I'm using a Numpy implementation of camera calibration by direct linear transformation (DLT) in python. I'm trying to use it for 3 dimensional camera calibration. My problem is, the mean error of the DLT (mean residual of the DLT transformation in units of camera coordinates) is very high in the example, in the thousands of pixels especially compared to the examples provided by the original author (see here).
These are the 3D points I use:
objpoints = [[86.438, -174.922,51.316],[-27.519,-215.460,39.154],
[73.601, 107.800,120.455],[87.602,133.413,34.023],
[101.276,-55.204,108.884],[88.509,-68.038,116.634],
[27.518,-215.460,39.154],[-31.355,-207.334,85.184],
[87.601,-131.059,33.881],[-60.234,-23.833,148.269],[62.162,-23.042,148.715]]
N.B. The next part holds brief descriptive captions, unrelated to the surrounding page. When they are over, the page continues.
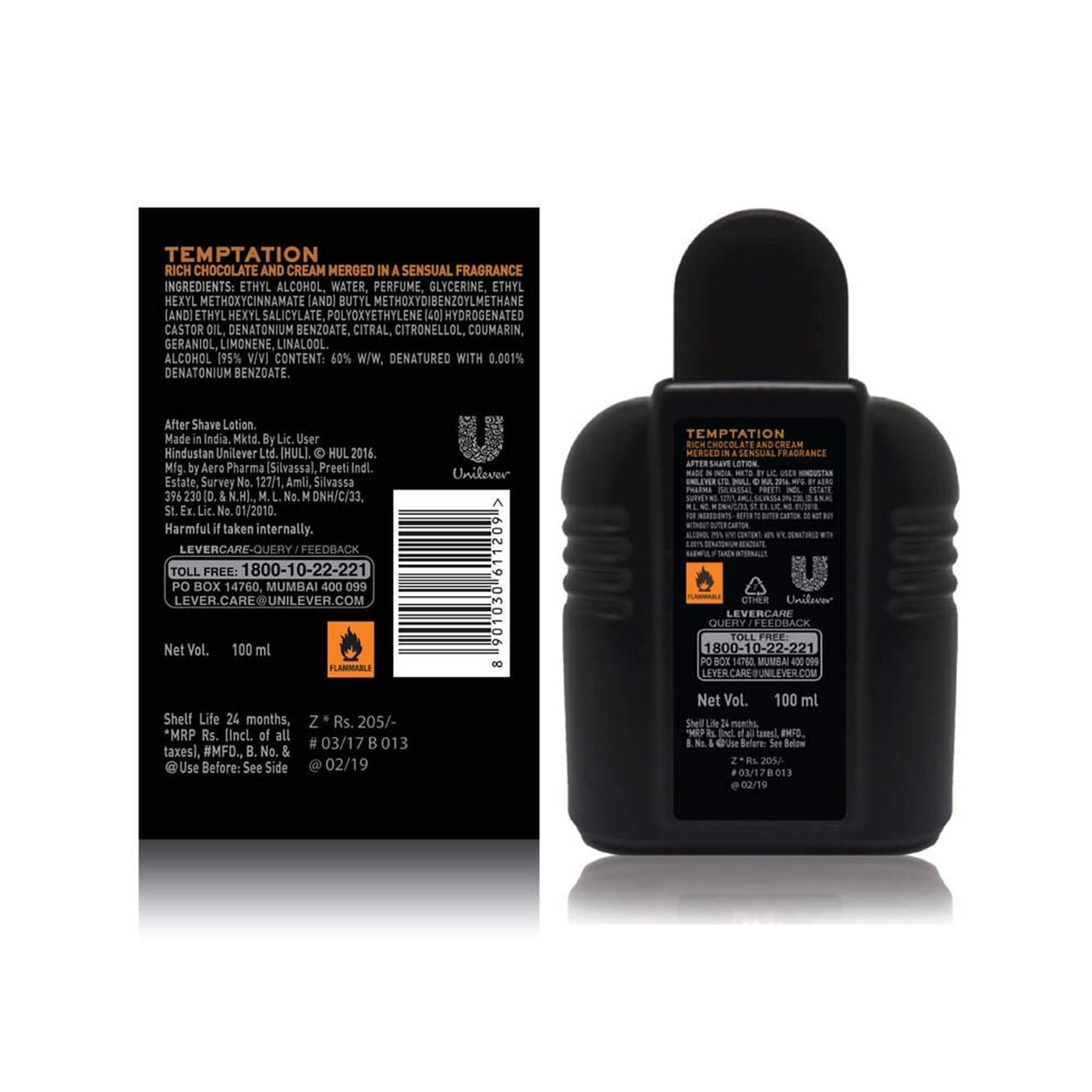 Axe Dark Temptation After Shave Lotion 100 ml Pack of 2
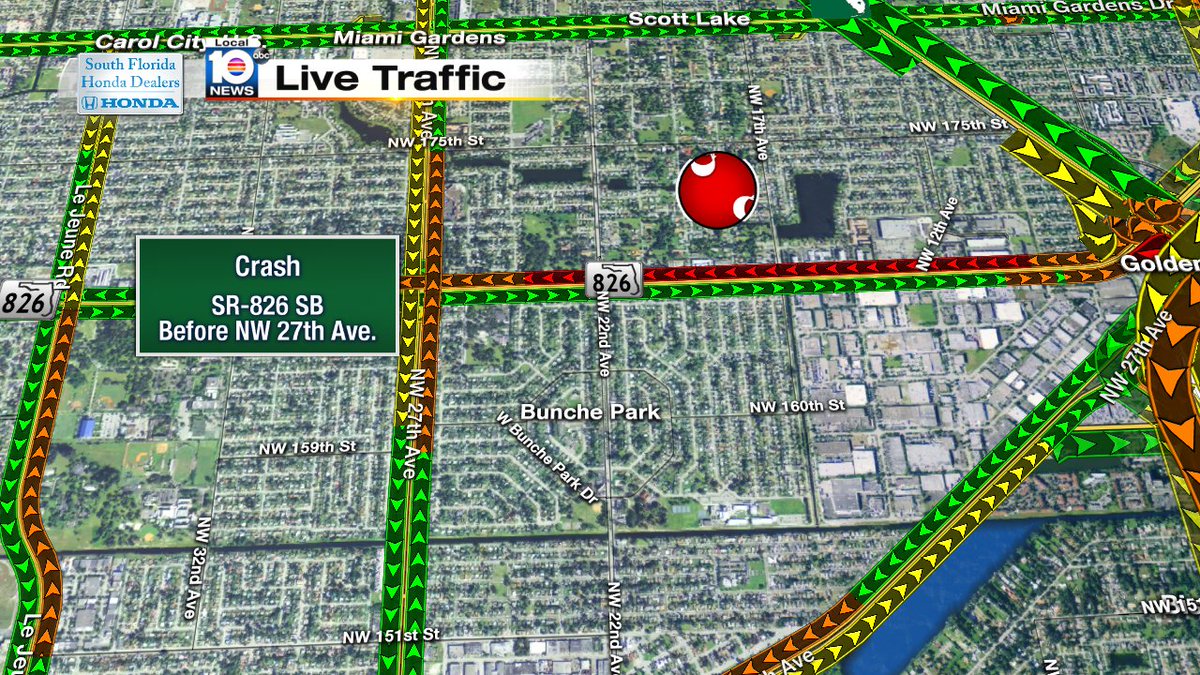 CRASH: SR-826 SB & NW 27th Ave. Delays stretching back to I-95/US-441.  #TRAFFIC #MIAMI https://t.co/Rv1y9DytvK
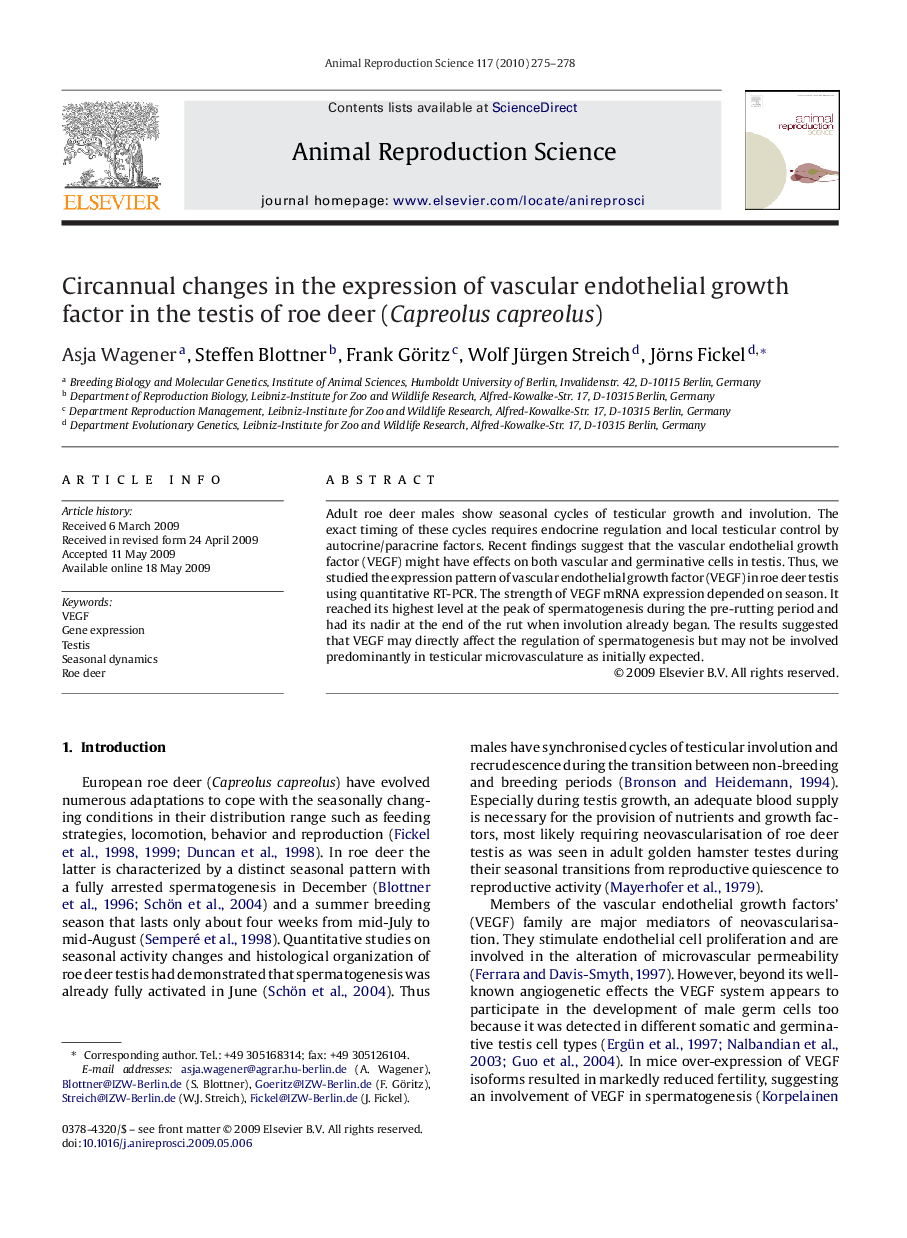 Circannual changes in the expression of vascular endothelial growth factor in the testis of roe deer (Capreolus capreolus)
These are the pixels I use:
imgpoints = [[576.0,861.0],[660.0,996.0],[253.0,1383.0],[575.0,1481.0],
[276.0,1217.0],[241.0,1139.0],[665.0,461.0],[231.0, 411.0],
[660.0,226.0],[141.0,684.0],[111.0,1123.0]]
I extracted these points manually, for 3D from a point cloud model (.ply format) and for matching 2D image by pixels.
Something must be wrong with my coordinates at a very basic level, but I'm not sure what it is and how to find it.